Over the years, I’ve spoken with many artists, fans and collectors about the idea of “recordings that change.” In the early days of ever.fm (before it was even called ever.fm), I sent out a questionnaire to 100 friends, fans and colleagues. Here’s what I found.
One of the questions on the survey was, “What if a recording could re-write itself every time it was played? For example, there might be new lyrics, a different guitar solo or extra harmony parts. How would you feel about that?” The responses were really interesting. 63% said they think they would like it, while 11% said they probably wouldn’t. The rest were undecided.

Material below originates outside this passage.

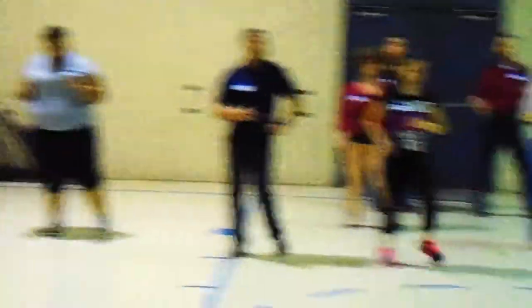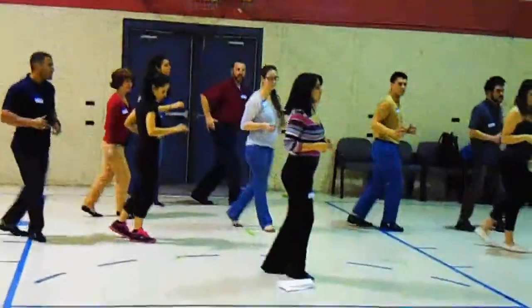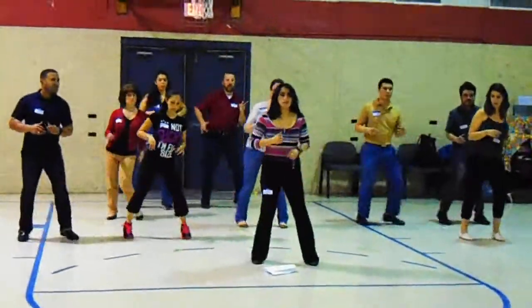One, two, three, five, six, seven. Back break. One, two, three, five, six, seven. Side break. One, two, three, five, six, seven. Side break. One, two, three.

I was especially interested in the open-ended comments. “Sometimes I like a song because of the predictability of it,” wrote one person. “It’s the familiar tunes that feed my soul and give comfort, bringing back important memories,” wrote another. “I like the connection I feel through familiarity,” A theme begins to emerge as you read the comments: anxiety. Specifically, anxiety about change.

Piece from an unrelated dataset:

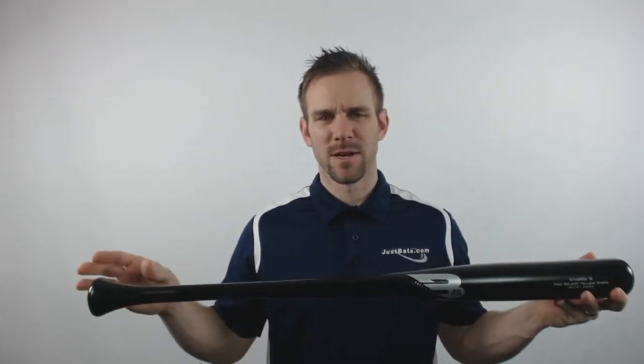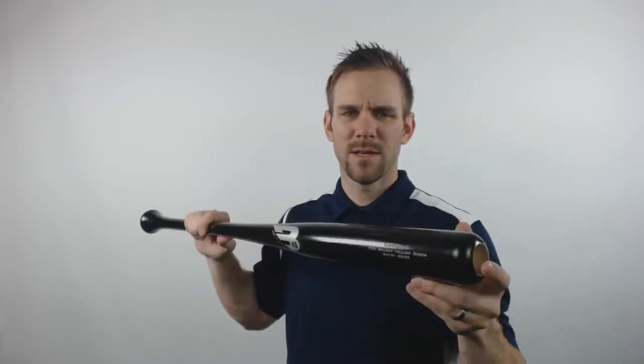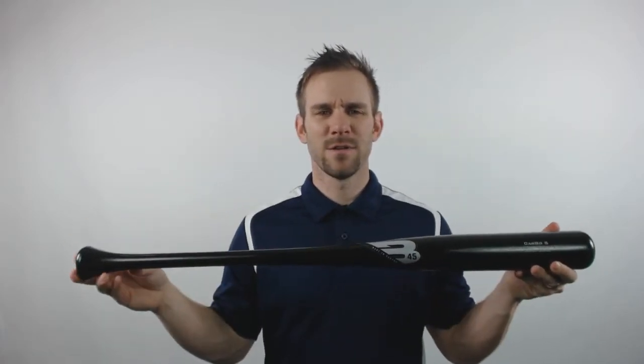This baseball bat will feature a large taper knob, a thin handle, as well as a long barrel giving it an end-loaded swing weight. It will have a pro cupped end and it will come with a 2.5 inch barrel diameter.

Of course, “fear of change and the unknown” tops the list of the most common anxieties we feel. But what struck me in the survey responses was that it seemed to affect artists and fans equally. Artists feared that if any part of their musical creation were to change, the work might lose its meaning or essence. For fans, the reaction was even more visceral. They seemed to be saying, “when I fall in love with a song and then something about it changes, I fear that I’ll fall out of love with the song.”
A theme begins to emerge as you read the comments: anxiety. Specifically, anxiety about change.
Isn’t this an echo of the way we feel about everything, including our personal relationships? When we fall in love, we make ourselves vulnerable. When we let someone (or something) into our hearts, we do so in spite of the risks. The “emotional Trojan horse” scenario is terrifying: the thing you fell in love with turns out not to be the thing you fell in love with.
What’s a heart to do? Not love? Never let down its guard? Protect itself at all costs? We know where that leads. Total protection is self-destructive, like a plant that “protects” itself from water and sunlight. Water drowns. It also feeds. Sunlight burns. It also heals. Change itself isn’t the culprit; it can go either way. It may be true that to change a single hair on the head of your favourite song would ruin it forever. It might also be true that you’ll fall more deeply in love with it as you discover more about it.
That’s the promise of ever.fm: discovery. Here, for the first time in history, is an audio medium that allows artists to create worlds inside a single song. Layers to dive through, secrets to reveal, hidden gems that reward the intrepid listener, and sounds that might even surprise the artist. I’m not saying this is not a time to be fearless; fearlessness breeds recklessness. No, this is a call to embrace fear. To stand on the banks of a cold, clear swimming hole, to know it will take your breath away, and to will your legs to jump.